= Required action =
Print nothing but the lines below starting at the line that holds "Attitude ft. Isaac Onanuga" and ending at the line that holds "Arknights: Endfield 1.5", including both, each exactly as written.

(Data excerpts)
━━━

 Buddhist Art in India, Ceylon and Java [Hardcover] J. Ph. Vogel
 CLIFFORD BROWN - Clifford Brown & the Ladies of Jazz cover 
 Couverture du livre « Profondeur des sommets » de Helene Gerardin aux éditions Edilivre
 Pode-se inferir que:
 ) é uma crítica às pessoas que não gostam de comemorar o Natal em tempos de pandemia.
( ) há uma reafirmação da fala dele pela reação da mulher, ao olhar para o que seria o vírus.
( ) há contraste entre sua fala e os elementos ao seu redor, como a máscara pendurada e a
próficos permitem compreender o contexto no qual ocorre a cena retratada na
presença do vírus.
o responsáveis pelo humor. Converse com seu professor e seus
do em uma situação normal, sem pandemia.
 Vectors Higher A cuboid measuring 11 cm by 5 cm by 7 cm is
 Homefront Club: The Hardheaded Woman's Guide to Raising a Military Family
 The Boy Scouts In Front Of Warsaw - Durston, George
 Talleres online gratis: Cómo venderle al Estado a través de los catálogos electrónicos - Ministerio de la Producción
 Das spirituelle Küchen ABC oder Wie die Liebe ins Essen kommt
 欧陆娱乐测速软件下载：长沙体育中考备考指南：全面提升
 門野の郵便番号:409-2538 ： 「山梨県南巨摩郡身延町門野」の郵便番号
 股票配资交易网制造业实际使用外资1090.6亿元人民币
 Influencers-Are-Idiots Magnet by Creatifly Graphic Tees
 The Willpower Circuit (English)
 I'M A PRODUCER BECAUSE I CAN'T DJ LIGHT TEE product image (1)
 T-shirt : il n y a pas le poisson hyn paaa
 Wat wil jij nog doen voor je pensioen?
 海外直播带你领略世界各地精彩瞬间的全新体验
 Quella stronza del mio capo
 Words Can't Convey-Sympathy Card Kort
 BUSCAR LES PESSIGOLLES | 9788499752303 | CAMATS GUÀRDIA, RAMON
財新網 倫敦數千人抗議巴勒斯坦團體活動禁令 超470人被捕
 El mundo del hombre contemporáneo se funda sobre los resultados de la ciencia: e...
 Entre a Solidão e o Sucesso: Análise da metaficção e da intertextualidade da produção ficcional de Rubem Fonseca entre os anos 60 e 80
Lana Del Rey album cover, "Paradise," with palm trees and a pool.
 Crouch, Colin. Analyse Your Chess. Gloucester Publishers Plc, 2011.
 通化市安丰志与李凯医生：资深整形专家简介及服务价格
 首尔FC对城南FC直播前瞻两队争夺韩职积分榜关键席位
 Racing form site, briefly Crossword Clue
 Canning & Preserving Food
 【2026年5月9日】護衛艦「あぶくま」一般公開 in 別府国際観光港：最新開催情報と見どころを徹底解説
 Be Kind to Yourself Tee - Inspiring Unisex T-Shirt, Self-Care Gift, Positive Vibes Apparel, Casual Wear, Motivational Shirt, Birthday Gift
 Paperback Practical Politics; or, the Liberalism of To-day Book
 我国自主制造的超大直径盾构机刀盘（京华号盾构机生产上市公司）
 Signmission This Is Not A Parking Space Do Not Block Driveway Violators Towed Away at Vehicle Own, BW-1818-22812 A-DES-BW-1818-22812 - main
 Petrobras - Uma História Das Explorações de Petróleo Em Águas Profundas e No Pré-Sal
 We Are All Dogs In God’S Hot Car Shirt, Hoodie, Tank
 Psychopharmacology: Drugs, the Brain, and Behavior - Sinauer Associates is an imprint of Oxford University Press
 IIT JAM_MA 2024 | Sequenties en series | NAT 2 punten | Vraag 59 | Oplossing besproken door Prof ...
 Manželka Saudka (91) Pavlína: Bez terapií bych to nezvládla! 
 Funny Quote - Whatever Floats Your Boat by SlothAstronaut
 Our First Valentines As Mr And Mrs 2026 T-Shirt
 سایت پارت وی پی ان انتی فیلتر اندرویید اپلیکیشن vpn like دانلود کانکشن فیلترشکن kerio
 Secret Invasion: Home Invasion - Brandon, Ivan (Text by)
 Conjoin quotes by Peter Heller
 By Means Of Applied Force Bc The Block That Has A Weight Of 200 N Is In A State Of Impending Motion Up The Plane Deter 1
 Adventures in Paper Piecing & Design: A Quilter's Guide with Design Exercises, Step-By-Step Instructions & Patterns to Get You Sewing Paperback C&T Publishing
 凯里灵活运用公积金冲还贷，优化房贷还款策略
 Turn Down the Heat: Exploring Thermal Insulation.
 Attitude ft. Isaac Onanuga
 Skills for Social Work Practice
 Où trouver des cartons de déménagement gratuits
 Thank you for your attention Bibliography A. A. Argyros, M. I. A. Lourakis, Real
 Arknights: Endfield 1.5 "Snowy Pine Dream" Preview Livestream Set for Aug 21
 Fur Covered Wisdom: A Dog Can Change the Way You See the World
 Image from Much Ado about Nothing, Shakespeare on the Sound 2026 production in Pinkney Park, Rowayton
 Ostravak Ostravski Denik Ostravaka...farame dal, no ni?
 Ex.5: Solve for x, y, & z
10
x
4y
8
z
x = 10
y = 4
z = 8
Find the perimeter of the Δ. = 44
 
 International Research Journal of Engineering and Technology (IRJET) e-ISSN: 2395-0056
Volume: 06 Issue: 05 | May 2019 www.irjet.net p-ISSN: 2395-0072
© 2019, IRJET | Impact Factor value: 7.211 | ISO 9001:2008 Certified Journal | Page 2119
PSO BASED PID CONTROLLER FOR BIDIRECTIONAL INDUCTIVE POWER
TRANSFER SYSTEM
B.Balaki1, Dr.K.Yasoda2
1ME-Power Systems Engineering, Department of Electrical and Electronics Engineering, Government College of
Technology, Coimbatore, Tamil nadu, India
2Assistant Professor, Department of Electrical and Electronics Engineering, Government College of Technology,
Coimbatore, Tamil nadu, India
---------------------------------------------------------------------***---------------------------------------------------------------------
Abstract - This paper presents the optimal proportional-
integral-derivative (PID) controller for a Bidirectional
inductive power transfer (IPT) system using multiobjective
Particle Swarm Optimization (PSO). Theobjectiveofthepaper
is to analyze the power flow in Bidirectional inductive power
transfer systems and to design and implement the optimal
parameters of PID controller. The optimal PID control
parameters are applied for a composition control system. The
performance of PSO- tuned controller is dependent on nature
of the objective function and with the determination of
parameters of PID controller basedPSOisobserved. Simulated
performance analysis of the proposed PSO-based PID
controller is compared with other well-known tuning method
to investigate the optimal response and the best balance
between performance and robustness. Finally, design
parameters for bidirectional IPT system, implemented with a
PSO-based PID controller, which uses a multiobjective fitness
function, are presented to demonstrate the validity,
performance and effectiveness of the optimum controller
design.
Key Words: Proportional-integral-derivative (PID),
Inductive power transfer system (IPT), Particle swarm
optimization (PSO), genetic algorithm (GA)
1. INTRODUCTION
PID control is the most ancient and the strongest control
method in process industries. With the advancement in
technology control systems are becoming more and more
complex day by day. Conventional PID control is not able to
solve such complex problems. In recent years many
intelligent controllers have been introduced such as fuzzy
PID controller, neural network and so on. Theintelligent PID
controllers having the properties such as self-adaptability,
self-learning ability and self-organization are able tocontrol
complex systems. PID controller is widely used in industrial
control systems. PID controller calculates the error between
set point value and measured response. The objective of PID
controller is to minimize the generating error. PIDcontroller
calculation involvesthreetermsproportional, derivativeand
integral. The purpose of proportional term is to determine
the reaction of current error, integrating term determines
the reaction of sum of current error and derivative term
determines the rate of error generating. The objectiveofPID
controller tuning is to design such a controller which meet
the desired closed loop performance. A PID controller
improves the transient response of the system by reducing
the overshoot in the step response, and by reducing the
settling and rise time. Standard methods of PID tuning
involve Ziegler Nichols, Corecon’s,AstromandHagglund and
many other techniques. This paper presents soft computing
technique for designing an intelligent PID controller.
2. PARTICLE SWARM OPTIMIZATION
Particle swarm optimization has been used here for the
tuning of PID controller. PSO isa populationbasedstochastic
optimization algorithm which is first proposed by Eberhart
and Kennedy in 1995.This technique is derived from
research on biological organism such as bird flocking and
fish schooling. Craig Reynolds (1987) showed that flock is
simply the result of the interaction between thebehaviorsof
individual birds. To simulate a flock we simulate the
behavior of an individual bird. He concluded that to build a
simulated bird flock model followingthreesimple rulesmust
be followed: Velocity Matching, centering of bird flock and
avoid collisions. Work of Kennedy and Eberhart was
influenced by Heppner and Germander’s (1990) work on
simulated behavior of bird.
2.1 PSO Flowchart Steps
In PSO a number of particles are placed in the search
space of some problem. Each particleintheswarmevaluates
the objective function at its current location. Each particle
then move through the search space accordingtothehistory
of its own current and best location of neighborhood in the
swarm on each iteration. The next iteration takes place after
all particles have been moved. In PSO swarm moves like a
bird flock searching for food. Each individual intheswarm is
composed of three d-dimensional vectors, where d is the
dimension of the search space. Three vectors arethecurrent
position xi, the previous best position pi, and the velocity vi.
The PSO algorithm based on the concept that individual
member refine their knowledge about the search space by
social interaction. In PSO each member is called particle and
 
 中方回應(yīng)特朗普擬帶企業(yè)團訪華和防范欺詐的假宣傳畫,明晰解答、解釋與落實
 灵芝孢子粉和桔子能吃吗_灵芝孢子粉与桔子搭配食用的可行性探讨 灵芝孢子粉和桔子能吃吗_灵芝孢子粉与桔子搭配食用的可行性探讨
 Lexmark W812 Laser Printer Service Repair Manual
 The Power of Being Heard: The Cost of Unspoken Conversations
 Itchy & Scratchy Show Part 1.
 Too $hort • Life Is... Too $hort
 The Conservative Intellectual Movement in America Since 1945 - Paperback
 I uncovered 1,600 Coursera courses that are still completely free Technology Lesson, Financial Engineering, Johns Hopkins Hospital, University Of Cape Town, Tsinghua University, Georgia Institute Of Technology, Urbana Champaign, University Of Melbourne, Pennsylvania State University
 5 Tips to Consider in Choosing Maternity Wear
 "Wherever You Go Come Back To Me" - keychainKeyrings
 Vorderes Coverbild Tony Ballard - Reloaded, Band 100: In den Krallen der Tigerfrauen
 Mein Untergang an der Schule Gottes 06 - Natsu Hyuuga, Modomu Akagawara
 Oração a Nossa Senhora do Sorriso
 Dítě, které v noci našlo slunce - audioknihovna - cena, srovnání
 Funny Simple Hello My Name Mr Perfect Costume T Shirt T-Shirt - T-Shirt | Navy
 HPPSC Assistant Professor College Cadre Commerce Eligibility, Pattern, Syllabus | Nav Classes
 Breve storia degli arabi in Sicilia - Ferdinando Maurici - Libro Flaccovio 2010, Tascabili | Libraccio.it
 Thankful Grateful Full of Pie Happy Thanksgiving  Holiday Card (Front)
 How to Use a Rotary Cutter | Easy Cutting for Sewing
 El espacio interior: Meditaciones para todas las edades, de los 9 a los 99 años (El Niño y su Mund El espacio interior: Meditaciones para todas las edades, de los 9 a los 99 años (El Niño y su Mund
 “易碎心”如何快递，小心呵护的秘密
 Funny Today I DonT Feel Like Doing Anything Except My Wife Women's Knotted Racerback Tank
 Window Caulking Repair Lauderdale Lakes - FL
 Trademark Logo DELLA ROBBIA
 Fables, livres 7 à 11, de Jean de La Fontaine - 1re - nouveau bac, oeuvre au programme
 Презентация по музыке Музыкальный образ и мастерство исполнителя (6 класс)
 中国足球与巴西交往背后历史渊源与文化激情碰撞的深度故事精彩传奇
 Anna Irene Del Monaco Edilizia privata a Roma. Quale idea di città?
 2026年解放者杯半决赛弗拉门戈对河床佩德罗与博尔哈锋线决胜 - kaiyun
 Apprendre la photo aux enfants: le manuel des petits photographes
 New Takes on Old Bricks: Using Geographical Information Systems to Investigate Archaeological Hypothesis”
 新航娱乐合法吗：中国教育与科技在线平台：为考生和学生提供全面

━━━

= Problem solution =
 Attitude ft. Isaac Onanuga
 Skills for Social Work Practice
 Où trouver des cartons de déménagement gratuits
 Thank you for your attention Bibliography A. A. Argyros, M. I. A. Lourakis, Real
 Arknights: Endfield 1.5 "Snowy Pine Dream" Preview Livestream Set for Aug 21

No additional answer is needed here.